Details
-
Type:
Bug
-
Status: Open
-
Priority:
Major
-
Resolution: Unresolved
-
Affects Version/s: CDH4.5.0
-
Fix Version/s: None
-
Component/s: Parquet
-
Labels:None
Description
Table created with Hive:
CREATE TABLE IF NOT EXISTS complextable (
ind int,
map_col map<int,string>,
struct_col struct<key:int,value:string>,
array_col array<int>
)
ROW FORMAT SERDE 'parquet.hive.serde.ParquetHiveSerDe'
STORED AS INPUTFORMAT 'parquet.hive.DeprecatedParquetInputFormat'
OUTPUTFORMAT 'parquet.hive.DeprecatedParquetOutputFormat';
Reading with Pig:
parquet.pig.TupleConversionException: error while preparing converter for:
map_col: tuple({bag_0: {map: (key: int,value: bytearray)}})
optional group map_col {
}
at parquet.pig.convert.TupleConverter.newConverter(TupleConverter.java:128)

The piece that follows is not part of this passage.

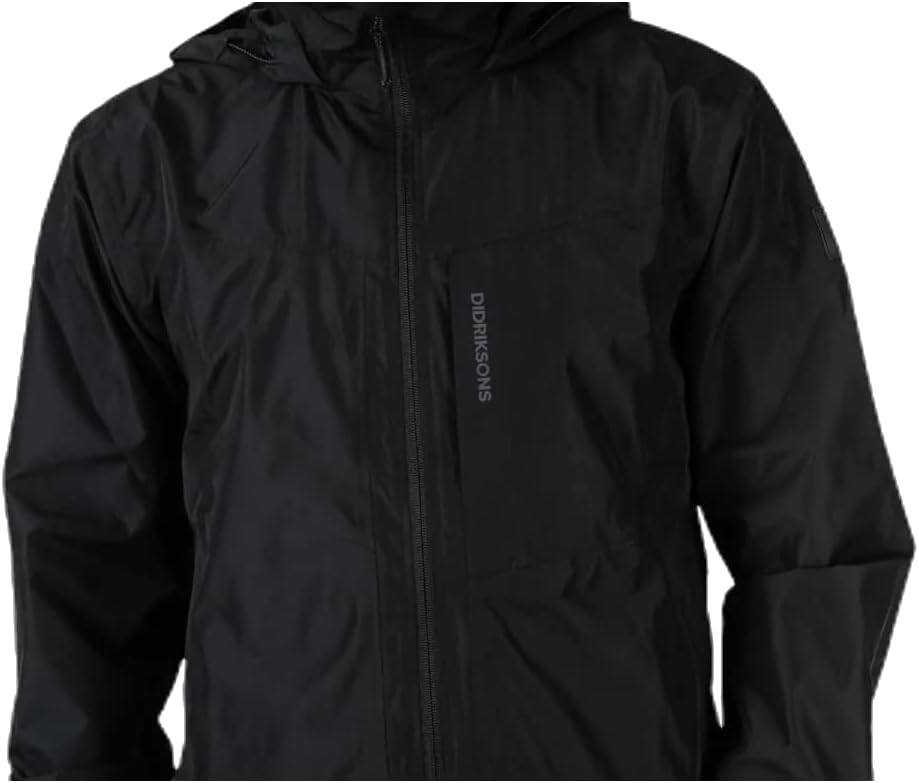 Didriksons Incus Jacket Men - wasserdichte Outdoorjacke Schwarz M, Schwarz M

at parquet.pig.convert.TupleConverter.<init>(TupleConverter.java:77)
at parquet.pig.convert.TupleRecordMaterializer.<init>(TupleRecordMaterializer.java:30)
at parquet.pig.TupleReadSupport.prepareForRead(TupleReadSupport.java:166)
...
Caused by: java.lang.NullPointerException
at parquet.pig.TupleReadSupport.getPigSchemaFromFile(TupleReadSupport.java:80)
at parquet.pig.TupleReadSupport.prepareForRead(TupleReadSupport.java:107)
at parquet.hadoop.InternalParquetRecordReader.initialize(InternalParquetRecordReader.java:137)
The parquet-mr github site (https://github.com/parquet/parquet-mr) says the following about reading with Pig:
"If the data was stored using another method, you will need to provide the Pig schema equivalent to the data you stored (you can also write the schema to the file footer while writing it – but that's pretty advanced). We will provide a basic automatic schema conversion soon."